Aim of the task. Set down the listing below again, exactly as written.

--------------------

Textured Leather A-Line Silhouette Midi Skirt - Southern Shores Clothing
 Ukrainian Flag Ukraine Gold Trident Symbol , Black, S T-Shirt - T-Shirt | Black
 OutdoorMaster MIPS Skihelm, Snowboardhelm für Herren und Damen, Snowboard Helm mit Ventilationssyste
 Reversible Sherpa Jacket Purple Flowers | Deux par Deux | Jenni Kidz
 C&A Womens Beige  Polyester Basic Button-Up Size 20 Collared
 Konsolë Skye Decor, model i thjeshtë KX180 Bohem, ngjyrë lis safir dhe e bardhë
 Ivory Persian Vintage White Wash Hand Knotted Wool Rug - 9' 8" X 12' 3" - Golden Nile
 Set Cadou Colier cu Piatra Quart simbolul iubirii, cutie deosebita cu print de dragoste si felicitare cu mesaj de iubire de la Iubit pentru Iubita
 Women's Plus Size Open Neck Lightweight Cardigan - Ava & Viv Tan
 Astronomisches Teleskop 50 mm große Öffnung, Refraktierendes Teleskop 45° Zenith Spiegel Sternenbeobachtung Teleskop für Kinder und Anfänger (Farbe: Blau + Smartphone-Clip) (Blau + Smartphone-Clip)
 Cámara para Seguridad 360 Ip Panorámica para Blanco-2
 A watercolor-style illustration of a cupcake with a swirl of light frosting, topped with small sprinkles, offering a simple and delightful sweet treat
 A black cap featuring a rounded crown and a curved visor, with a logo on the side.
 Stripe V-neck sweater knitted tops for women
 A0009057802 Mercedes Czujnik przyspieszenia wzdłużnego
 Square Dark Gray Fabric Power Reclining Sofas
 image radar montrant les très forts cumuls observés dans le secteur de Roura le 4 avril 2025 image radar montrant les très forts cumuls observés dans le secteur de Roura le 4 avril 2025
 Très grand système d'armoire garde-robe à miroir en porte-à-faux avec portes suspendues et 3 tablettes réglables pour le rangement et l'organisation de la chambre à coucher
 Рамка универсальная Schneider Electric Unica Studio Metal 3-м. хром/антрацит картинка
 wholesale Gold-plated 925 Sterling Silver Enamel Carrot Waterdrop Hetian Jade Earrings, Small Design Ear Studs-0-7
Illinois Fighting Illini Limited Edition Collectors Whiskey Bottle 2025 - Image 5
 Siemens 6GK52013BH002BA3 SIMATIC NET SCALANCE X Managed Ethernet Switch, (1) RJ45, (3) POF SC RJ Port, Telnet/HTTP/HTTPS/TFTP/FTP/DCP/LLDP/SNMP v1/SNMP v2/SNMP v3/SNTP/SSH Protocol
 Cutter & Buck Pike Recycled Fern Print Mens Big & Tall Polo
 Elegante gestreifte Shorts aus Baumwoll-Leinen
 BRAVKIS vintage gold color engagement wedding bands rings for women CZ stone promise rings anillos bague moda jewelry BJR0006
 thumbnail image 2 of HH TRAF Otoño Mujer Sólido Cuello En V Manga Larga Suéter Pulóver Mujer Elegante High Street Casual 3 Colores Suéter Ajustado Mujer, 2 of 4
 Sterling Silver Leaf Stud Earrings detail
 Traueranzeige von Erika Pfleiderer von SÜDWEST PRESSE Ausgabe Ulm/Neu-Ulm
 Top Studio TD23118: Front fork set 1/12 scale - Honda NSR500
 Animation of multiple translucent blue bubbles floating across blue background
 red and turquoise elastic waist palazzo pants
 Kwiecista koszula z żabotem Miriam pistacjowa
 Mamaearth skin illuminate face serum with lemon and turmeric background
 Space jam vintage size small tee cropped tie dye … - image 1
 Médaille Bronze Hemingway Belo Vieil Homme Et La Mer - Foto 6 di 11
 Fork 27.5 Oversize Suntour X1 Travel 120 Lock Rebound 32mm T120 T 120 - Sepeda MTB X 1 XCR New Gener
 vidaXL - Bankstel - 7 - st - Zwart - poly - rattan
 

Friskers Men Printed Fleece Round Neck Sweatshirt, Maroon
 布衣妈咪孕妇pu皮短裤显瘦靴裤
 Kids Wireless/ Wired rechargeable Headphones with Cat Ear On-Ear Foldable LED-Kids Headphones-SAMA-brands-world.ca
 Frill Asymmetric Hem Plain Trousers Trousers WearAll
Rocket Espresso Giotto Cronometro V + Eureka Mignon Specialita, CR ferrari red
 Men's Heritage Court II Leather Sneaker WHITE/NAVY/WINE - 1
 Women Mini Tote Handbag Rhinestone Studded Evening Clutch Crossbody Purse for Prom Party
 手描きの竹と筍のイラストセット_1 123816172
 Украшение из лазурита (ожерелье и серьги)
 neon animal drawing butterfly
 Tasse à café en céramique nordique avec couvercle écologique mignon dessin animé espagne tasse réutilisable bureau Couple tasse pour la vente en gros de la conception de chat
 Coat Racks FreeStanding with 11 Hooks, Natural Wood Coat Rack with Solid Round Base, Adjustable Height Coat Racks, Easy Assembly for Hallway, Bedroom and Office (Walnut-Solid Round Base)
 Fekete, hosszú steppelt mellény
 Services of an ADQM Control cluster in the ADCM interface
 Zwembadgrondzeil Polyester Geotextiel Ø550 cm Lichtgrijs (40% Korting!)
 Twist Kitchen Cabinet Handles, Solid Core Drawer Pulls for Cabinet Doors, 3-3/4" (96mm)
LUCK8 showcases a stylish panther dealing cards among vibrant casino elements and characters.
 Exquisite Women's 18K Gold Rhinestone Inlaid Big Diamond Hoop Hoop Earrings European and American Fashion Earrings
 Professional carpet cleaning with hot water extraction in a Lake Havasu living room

--------------------

Completed exercise.
Textured Leather A-Line Silhouette Midi Skirt - Southern Shores Clothing
 Ukrainian Flag Ukraine Gold Trident Symbol , Black, S T-Shirt - T-Shirt | Black
 OutdoorMaster MIPS Skihelm, Snowboardhelm für Herren und Damen, Snowboard Helm mit Ventilationssyste
 Reversible Sherpa Jacket Purple Flowers | Deux par Deux | Jenni Kidz
 C&A Womens Beige  Polyester Basic Button-Up Size 20 Collared
 Konsolë Skye Decor, model i thjeshtë KX180 Bohem, ngjyrë lis safir dhe e bardhë
 Ivory Persian Vintage White Wash Hand Knotted Wool Rug - 9' 8" X 12' 3" - Golden Nile
 Set Cadou Colier cu Piatra Quart simbolul iubirii, cutie deosebita cu print de dragoste si felicitare cu mesaj de iubire de la Iubit pentru Iubita
 Women's Plus Size Open Neck Lightweight Cardigan - Ava & Viv Tan
 Astronomisches Teleskop 50 mm große Öffnung, Refraktierendes Teleskop 45° Zenith Spiegel Sternenbeobachtung Teleskop für Kinder und Anfänger (Farbe: Blau + Smartphone-Clip) (Blau + Smartphone-Clip)
 Cámara para Seguridad 360 Ip Panorámica para Blanco-2
 A watercolor-style illustration of a cupcake with a swirl of light frosting, topped with small sprinkles, offering a simple and delightful sweet treat
 A black cap featuring a rounded crown and a curved visor, with a logo on the side.
 Stripe V-neck sweater knitted tops for women
 A0009057802 Mercedes Czujnik przyspieszenia wzdłużnego
 Square Dark Gray Fabric Power Reclining Sofas
 image radar montrant les très forts cumuls observés dans le secteur de Roura le 4 avril 2025 image radar montrant les très forts cumuls observés dans le secteur de Roura le 4 avril 2025
 Très grand système d'armoire garde-robe à miroir en porte-à-faux avec portes suspendues et 3 tablettes réglables pour le rangement et l'organisation de la chambre à coucher
 Рамка универсальная Schneider Electric Unica Studio Metal 3-м. хром/антрацит картинка
 wholesale Gold-plated 925 Sterling Silver Enamel Carrot Waterdrop Hetian Jade Earrings, Small Design Ear Studs-0-7
Illinois Fighting Illini Limited Edition Collectors Whiskey Bottle 2025 - Image 5
 Siemens 6GK52013BH002BA3 SIMATIC NET SCALANCE X Managed Ethernet Switch, (1) RJ45, (3) POF SC RJ Port, Telnet/HTTP/HTTPS/TFTP/FTP/DCP/LLDP/SNMP v1/SNMP v2/SNMP v3/SNTP/SSH Protocol
 Cutter & Buck Pike Recycled Fern Print Mens Big & Tall Polo
 Elegante gestreifte Shorts aus Baumwoll-Leinen
 BRAVKIS vintage gold color engagement wedding bands rings for women CZ stone promise rings anillos bague moda jewelry BJR0006
 thumbnail image 2 of HH TRAF Otoño Mujer Sólido Cuello En V Manga Larga Suéter Pulóver Mujer Elegante High Street Casual 3 Colores Suéter Ajustado Mujer, 2 of 4
 Sterling Silver Leaf Stud Earrings detail
 Traueranzeige von Erika Pfleiderer von SÜDWEST PRESSE Ausgabe Ulm/Neu-Ulm
 Top Studio TD23118: Front fork set 1/12 scale - Honda NSR500
 Animation of multiple translucent blue bubbles floating across blue background
 red and turquoise elastic waist palazzo pants
 Kwiecista koszula z żabotem Miriam pistacjowa
 Mamaearth skin illuminate face serum with lemon and turmeric background
 Space jam vintage size small tee cropped tie dye … - image 1
 Médaille Bronze Hemingway Belo Vieil Homme Et La Mer - Foto 6 di 11
 Fork 27.5 Oversize Suntour X1 Travel 120 Lock Rebound 32mm T120 T 120 - Sepeda MTB X 1 XCR New Gener
 vidaXL - Bankstel - 7 - st - Zwart - poly - rattan
 

Friskers Men Printed Fleece Round Neck Sweatshirt, Maroon
 布衣妈咪孕妇pu皮短裤显瘦靴裤
 Kids Wireless/ Wired rechargeable Headphones with Cat Ear On-Ear Foldable LED-Kids Headphones-SAMA-brands-world.ca
 Frill Asymmetric Hem Plain Trousers Trousers WearAll
Rocket Espresso Giotto Cronometro V + Eureka Mignon Specialita, CR ferrari red
 Men's Heritage Court II Leather Sneaker WHITE/NAVY/WINE - 1
 Women Mini Tote Handbag Rhinestone Studded Evening Clutch Crossbody Purse for Prom Party
 手描きの竹と筍のイラストセット_1 123816172
 Украшение из лазурита (ожерелье и серьги)
 neon animal drawing butterfly
 Tasse à café en céramique nordique avec couvercle écologique mignon dessin animé espagne tasse réutilisable bureau Couple tasse pour la vente en gros de la conception de chat
 Coat Racks FreeStanding with 11 Hooks, Natural Wood Coat Rack with Solid Round Base, Adjustable Height Coat Racks, Easy Assembly for Hallway, Bedroom and Office (Walnut-Solid Round Base)
 Fekete, hosszú steppelt mellény
 Services of an ADQM Control cluster in the ADCM interface
 Zwembadgrondzeil Polyester Geotextiel Ø550 cm Lichtgrijs (40% Korting!)
 Twist Kitchen Cabinet Handles, Solid Core Drawer Pulls for Cabinet Doors, 3-3/4" (96mm)
LUCK8 showcases a stylish panther dealing cards among vibrant casino elements and characters.
 Exquisite Women's 18K Gold Rhinestone Inlaid Big Diamond Hoop Hoop Earrings European and American Fashion Earrings
 Professional carpet cleaning with hot water extraction in a Lake Havasu living room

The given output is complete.